TOKYO (AP) — Asian shares were mixed on Thursday, as Wall Street’s big recent rally lost some momentum following a pair of potentially discouraging reports on the American economy.
U.S. futures edged lower and oil prices declined.
Japan's benchmark Nikkei 225 shed 0.2% to 37,658.46, while Australia's S&P/ASX 200 declined nearly 0.1% to 8,535.10.
In South Korea, the Kospi jumped 2.1% to 2,829.48 after the country's new president and leading liberal politician Lee Jae-myung began his term, vowing to restart talks with North Korea and beef up a trilateral partnership with the U.S. and Japan.
Hong Kong's Hang Seng gained 0.9% to 23,856.54, while the Shanghai Composite was little changed, inching down less than 0.1% to 3,374.30.
On Wednesday, the S&P 500 finished the day virtually unchanged at 5,970.81 and remained 2.8% below its all-time high. The Dow Jones Industrial Average fell 0.2% to 42,427.74, and the Nasdaq composite added 0.3% to 19,460.49.
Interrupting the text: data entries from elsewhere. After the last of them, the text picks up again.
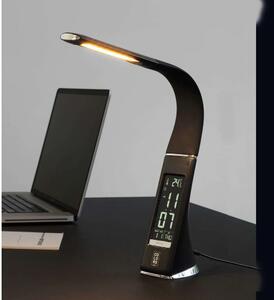Halo Design - Watch & Light Desk LampHalo Design - Lampemesteren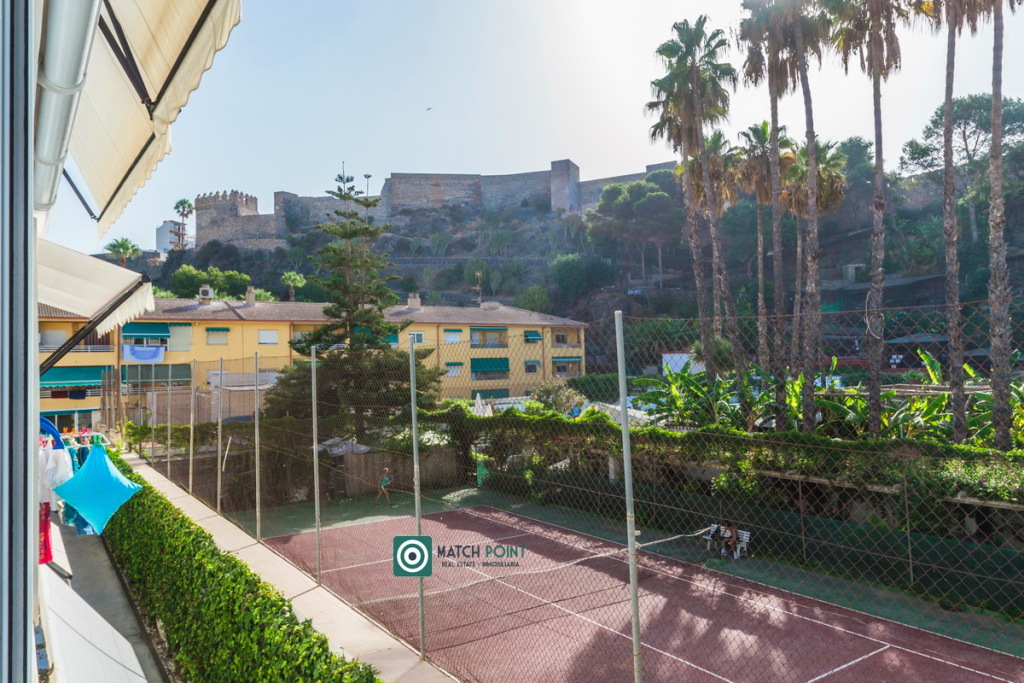 Imagen 4 de Piso en Venta en Almuñecar Granada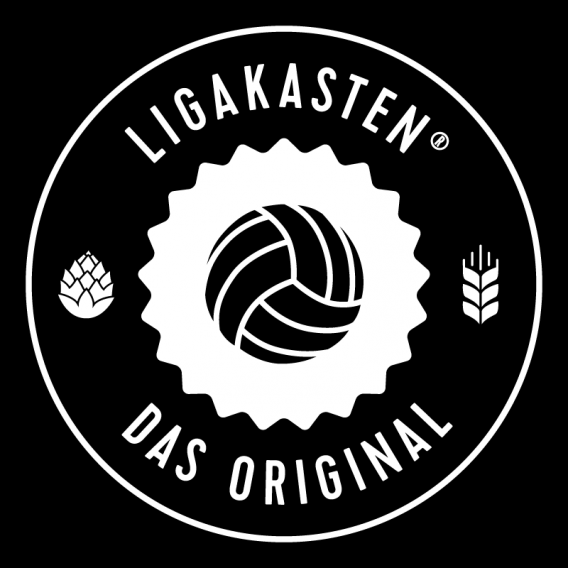 Ligakasten, T-shirt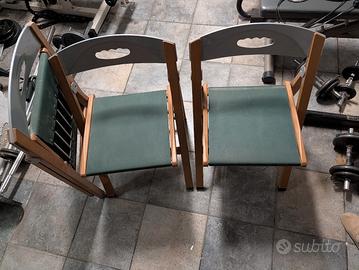 sedie moon foppapedretti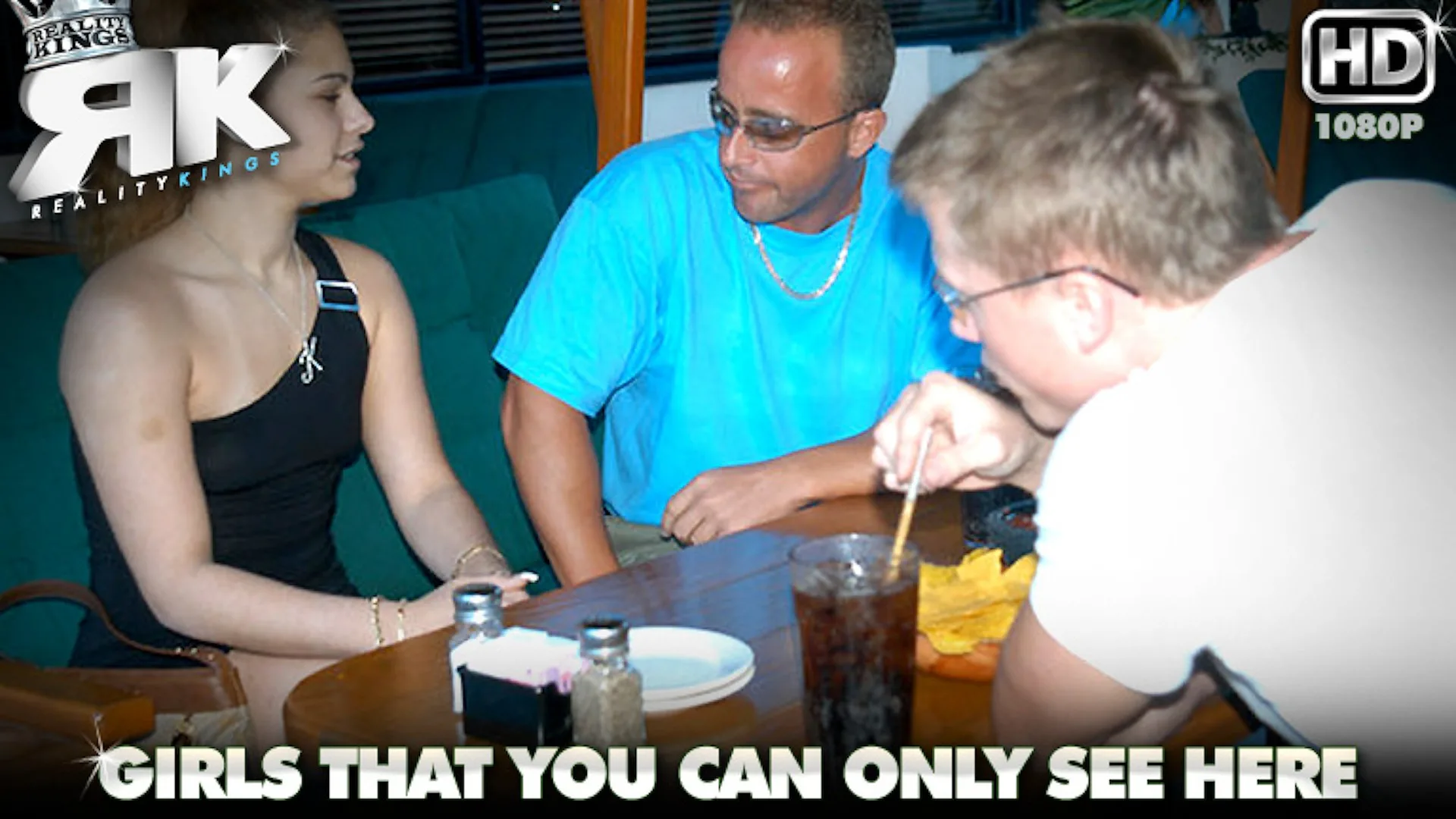 2 Sweet - 8th Street Latinas - 16988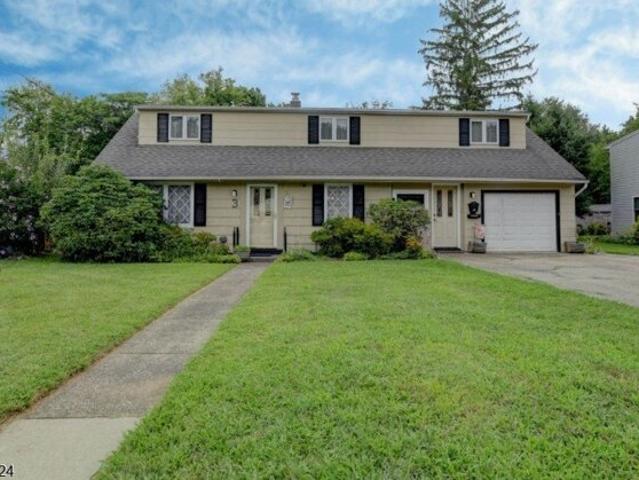 House for sale in Pompton Plains, Pequannock Township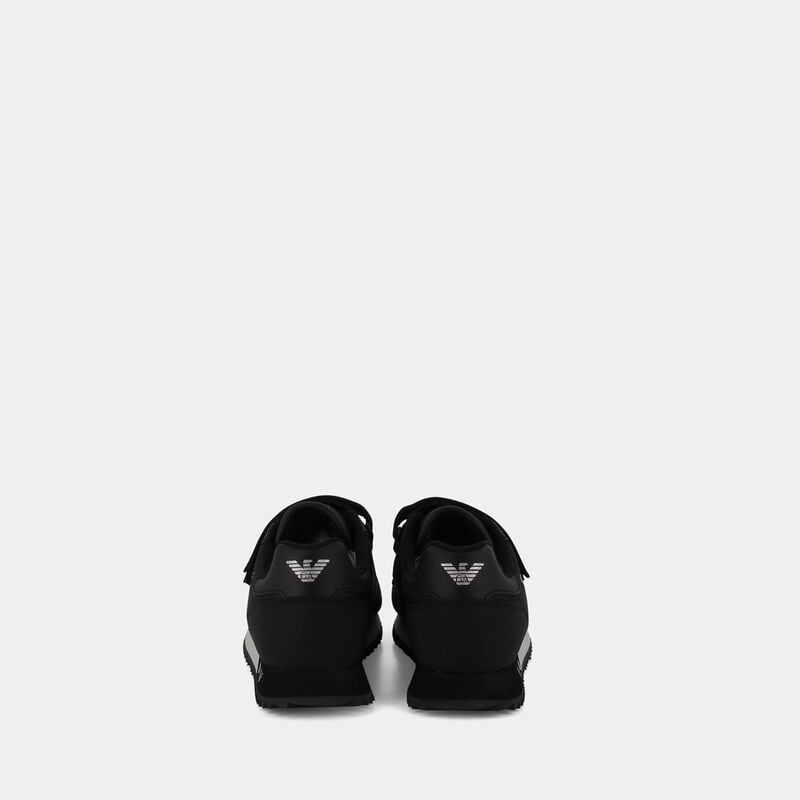 BAMBINO da BAMBINI | SNEAKERS EA7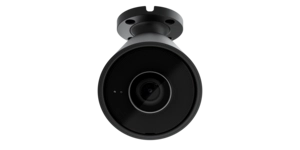 BULLET 5-2.8 (B) CAM IP NOIR 5MP OBJ 2.8MM IR35M IP65 – vue 3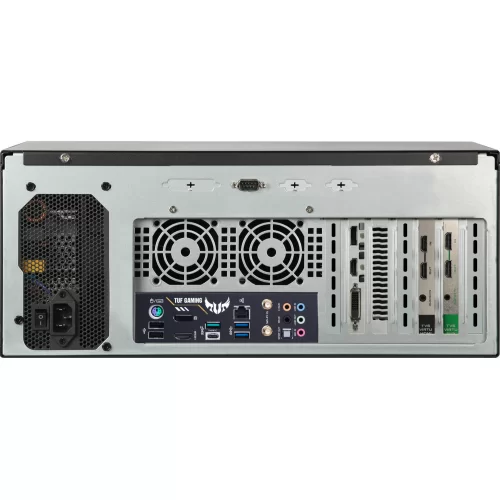 DataVideo TVS-1000A Виртуальная студия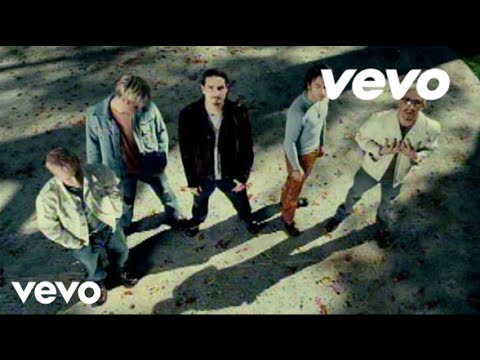 Backstreet Boys - Drowning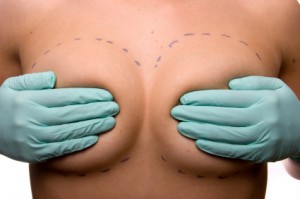 breast enlargement augmentation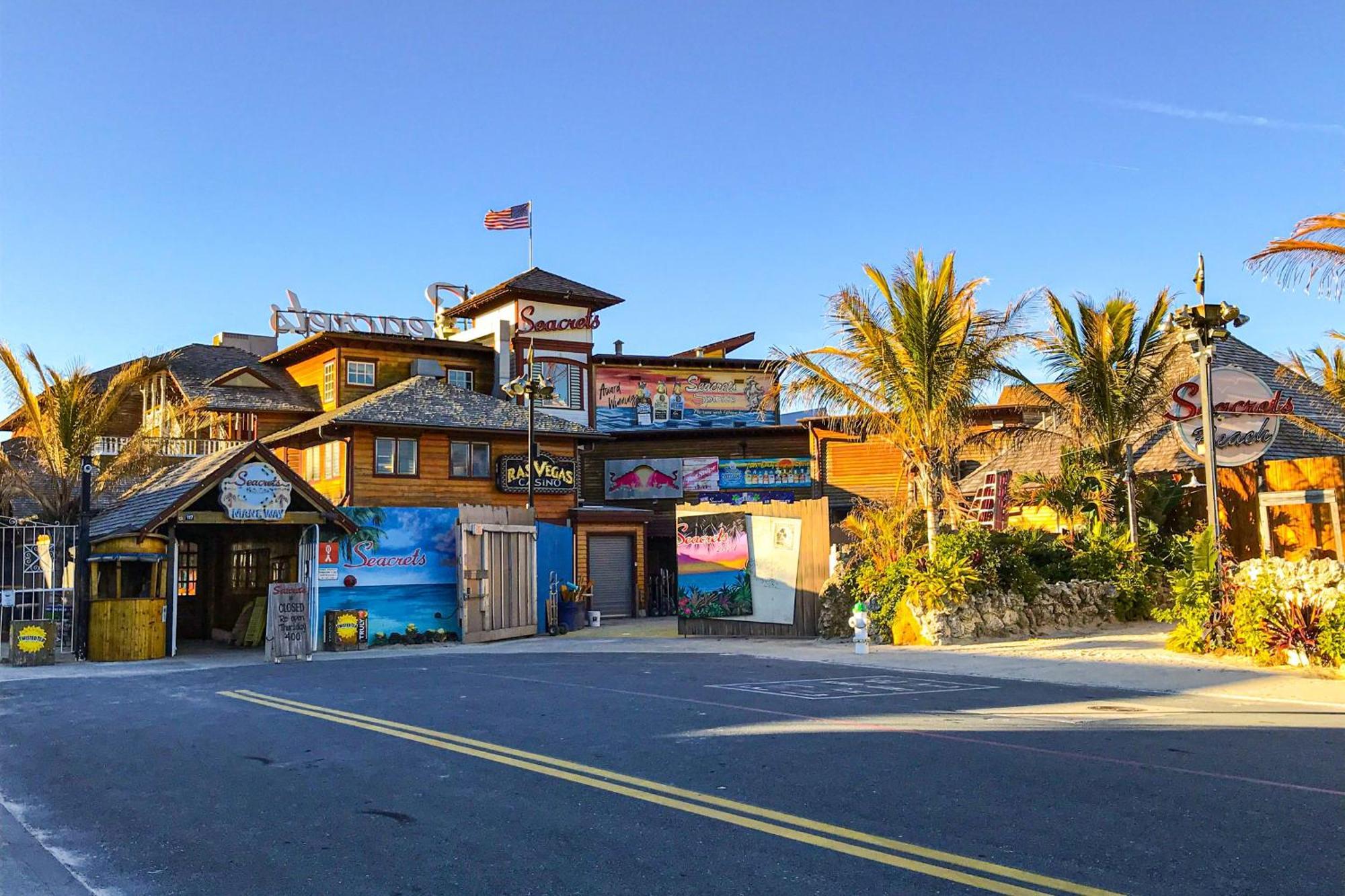 דירות אושן סיטי Dolphin Bay I מראה חיצוני תמונה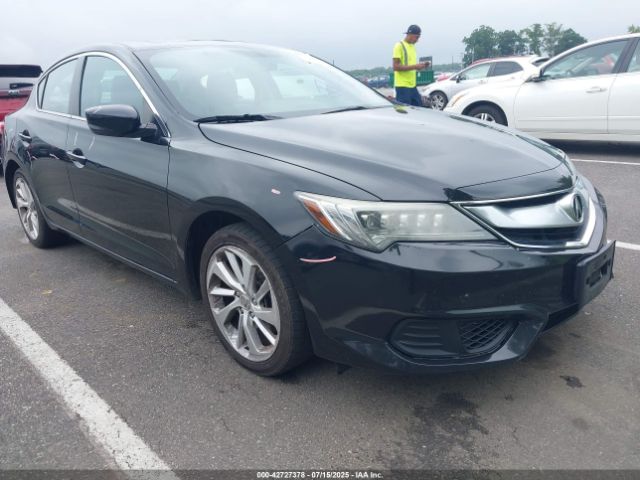 2017 ACURA ILX 19UDE2F76HA004564 Photo 0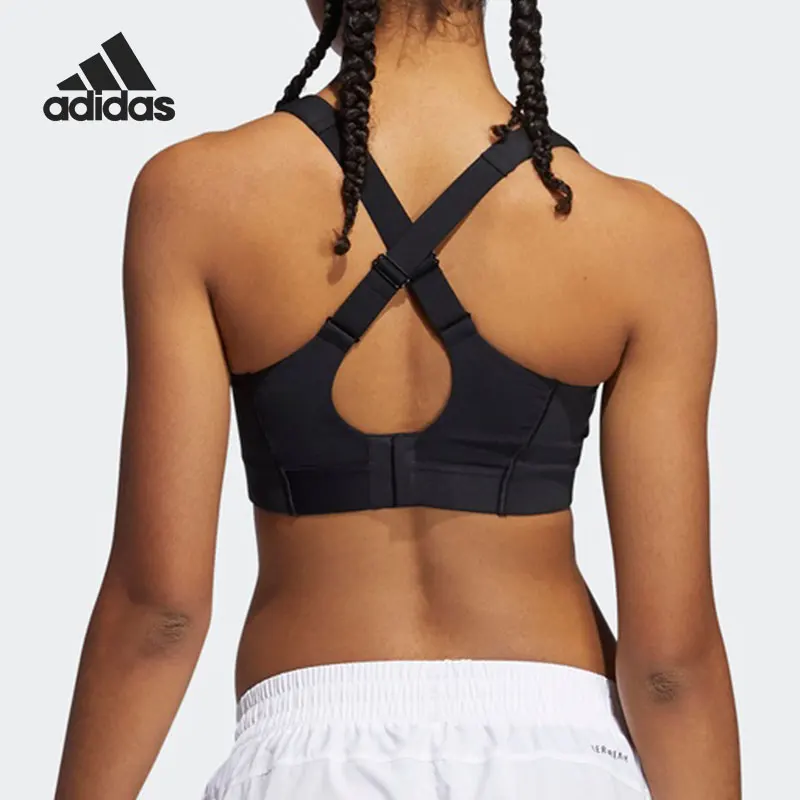 Adidas Authentic Season's New Women's High Intensity Training Sports Underwear GP6780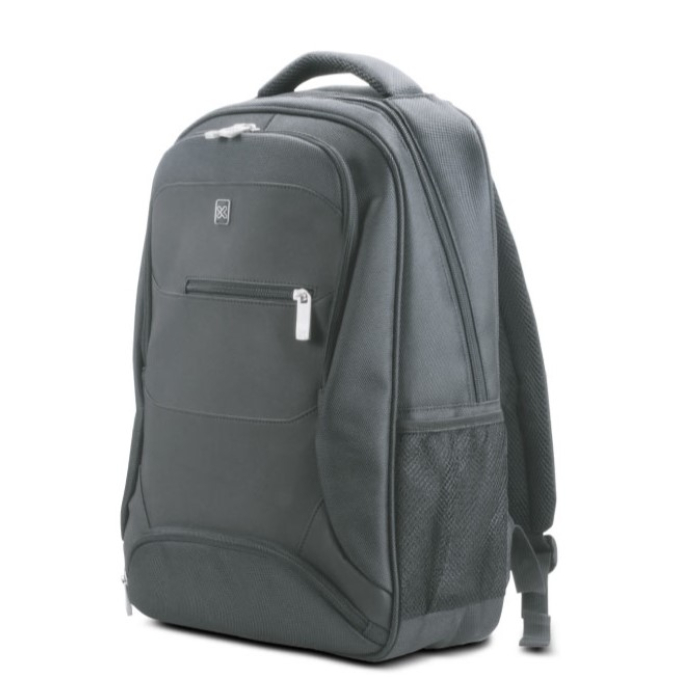 Mochila para Laptop Klip Xtreme de 15.6pulgadas Negro KNB-575 / Klip Xtreme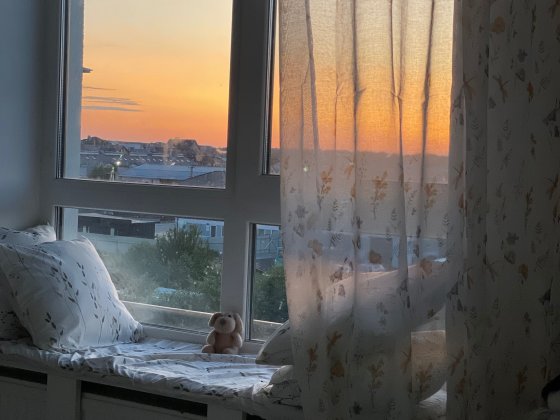 Продаж двокімнатної квартири Боярка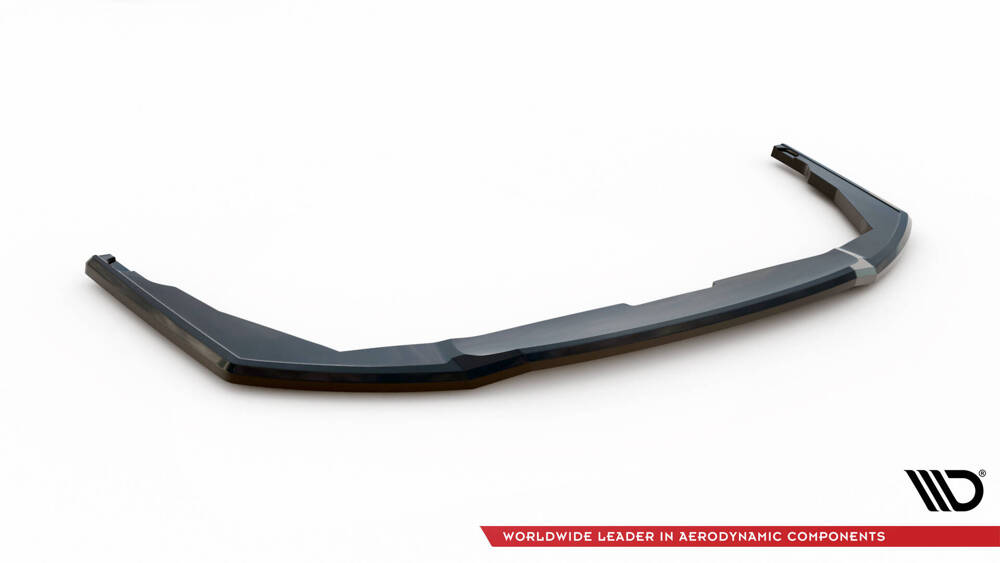 Rear Splitter Peugeot 308 Mk3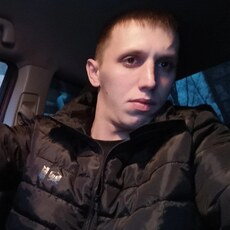 Фотография мужчины Артём, 32 года из г. Сарапул
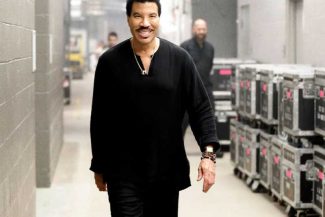 Lionel Richie a fost supus unei intervenții pe cord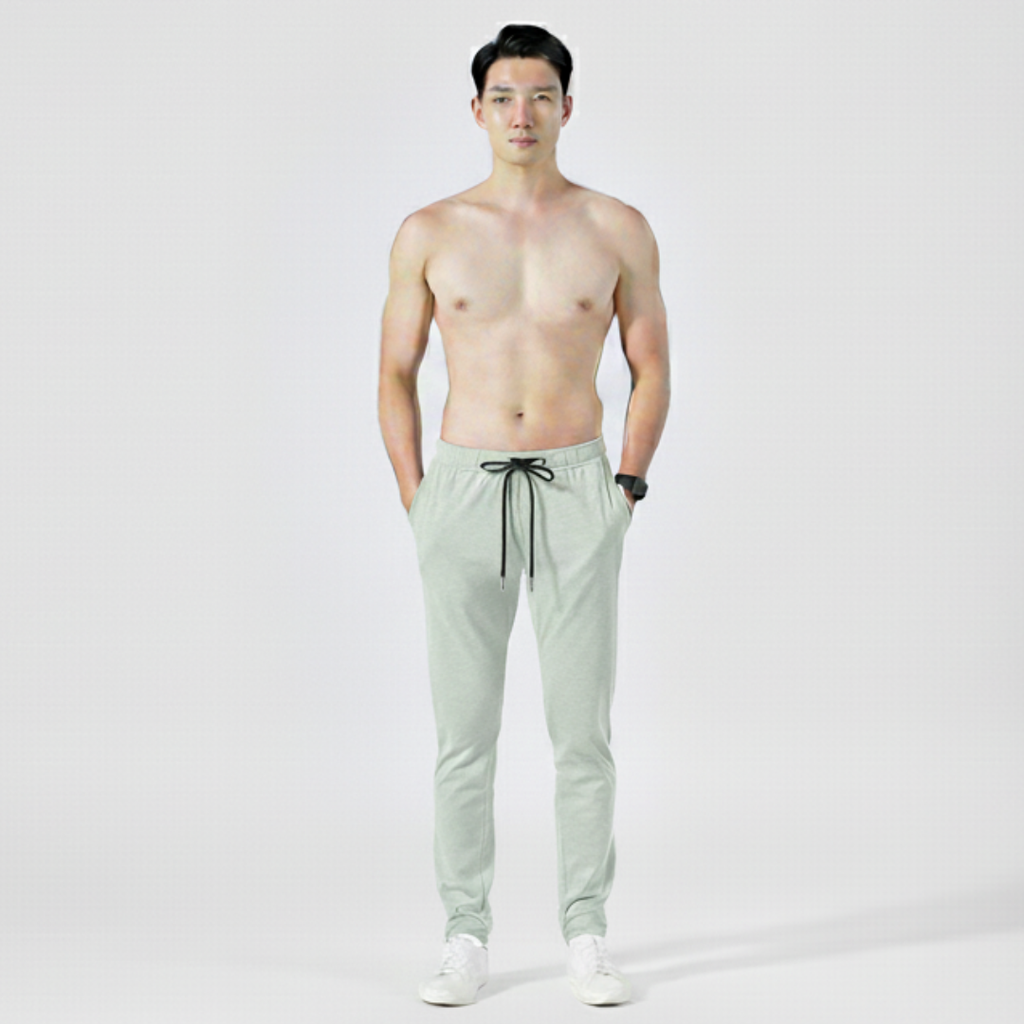 Quick-Drying Stretch Pants for Active Lifestyle – Lightweight and Comfortable Trousers 0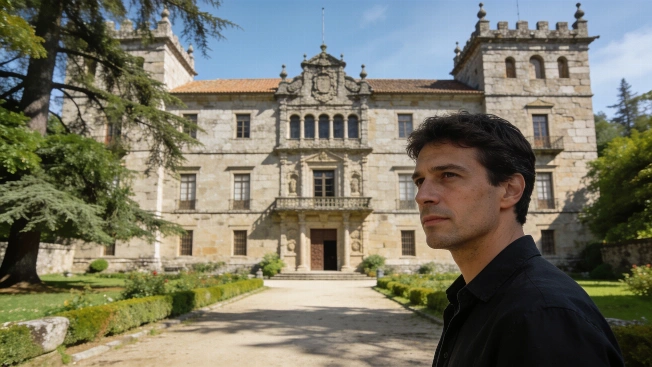 Pazo de Meirás Officially Declared Site of Democratic Memory RUSSPAIN.com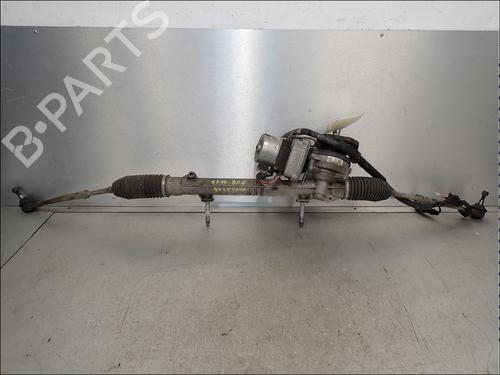 Used Steering rack Steering rack PEUGEOT 208 I (CA_, CC_) 1.6 HDi / BlueHDi 75 (75 hp) 34019440 34019440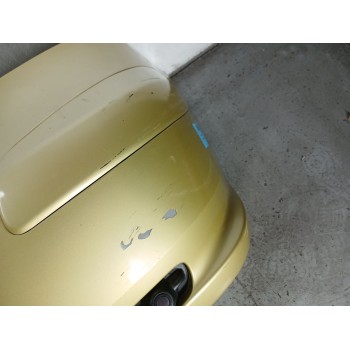 Recambio de paragolpes trasero para peugeot 307 cc (3b) 2.0 16v referencia OEM IAM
The action was stronger in the bond market, where Treasury yields tumbled following the weaker-than-expected economic updates.
One said that activity contracted for U.S. retailers, finance companies and other businesses in the services industries last month, when economists were expecting to see growth. Businesses told the Institute for Supply Management in its survey that all the uncertainty created by tariffs is making it difficult for them to forecast and plan.
A second report from ADP suggested U.S. employers outside of the government hired far fewer workers last month than economists expected. That could bode ill for Friday’s more comprehensive jobs report coming from the U.S. Labor Department, which is one of Wall Street’s most anticipated data releases each month.
So far, the U.S. job market has remained remarkably resilient despite years of high inflation and now the threat of President Donald Trump’s high tariffs. But weakness there could undermine the rest of the economy.
Following the reports, traders built up bets that the Federal Reserve will need to cut interest rates later this year in order to prop up the economy, which in turn caused the fall for Treasury yields. The weaker-than-expected ADP report also led Trump to urge Fed Chair Jerome Powell to deliver cuts to rates more quickly.
“‘Too Late’ Powell must now LOWER THE RATE,” Trump said on his Truth Social platform. “He is unbelievable!!!”
The Fed has yet to cut interest rates this year after slashing them through the end of 2024. Part of the reason for the pause is that the Fed wants to see how much Trump’s tariffs will hurt the economy and raise inflation. While lower interest rates could boost the economy, they could also give inflation more fuel.